- [Requirement]: Beneath this line are entries. Copy the range from the line with "Landing the troops" to the line with "Bariatric Fusion Women's", ends included, exactly; leave pictures out.

- [Data shown]:
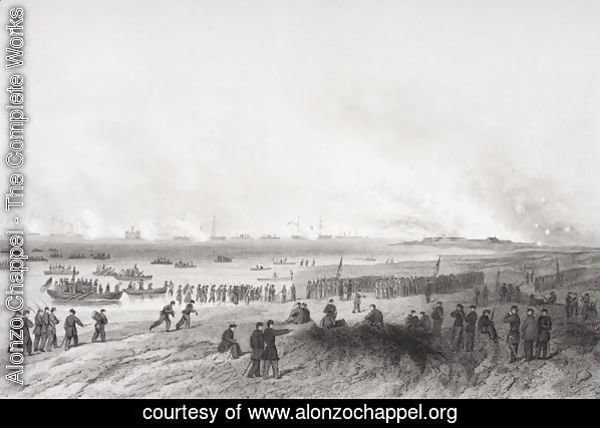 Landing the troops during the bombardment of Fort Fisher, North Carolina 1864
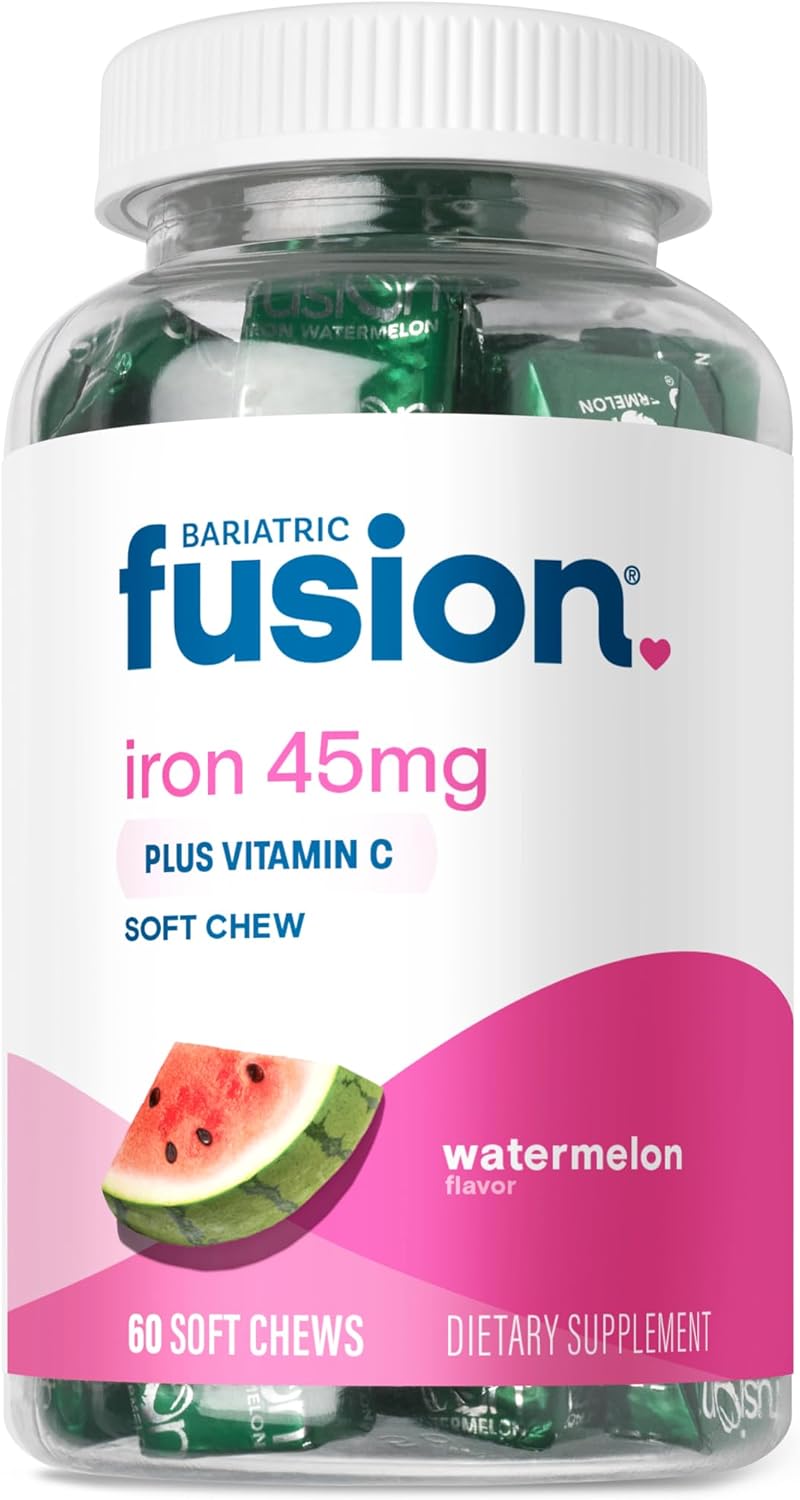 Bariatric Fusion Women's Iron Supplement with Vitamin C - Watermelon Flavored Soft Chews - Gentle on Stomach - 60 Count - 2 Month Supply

==

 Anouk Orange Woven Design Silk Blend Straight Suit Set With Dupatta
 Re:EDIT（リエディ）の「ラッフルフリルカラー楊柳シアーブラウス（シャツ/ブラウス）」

==

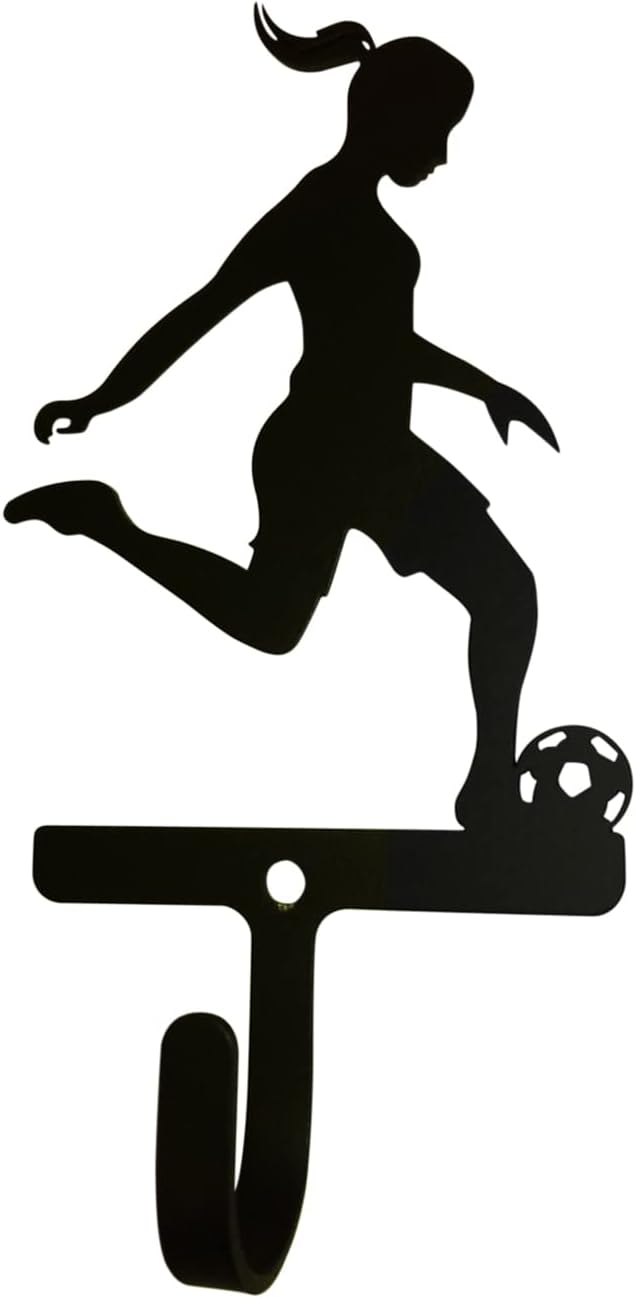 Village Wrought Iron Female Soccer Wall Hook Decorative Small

- [Result for this exercise]:
 Landing the troops during the bombardment of Fort Fisher, North Carolina 1864
 Bariatric Fusion Women's Iron Supplement with Vitamin C - Watermelon Flavored Soft Chews - Gentle on Stomach - 60 Count - 2 Month Supply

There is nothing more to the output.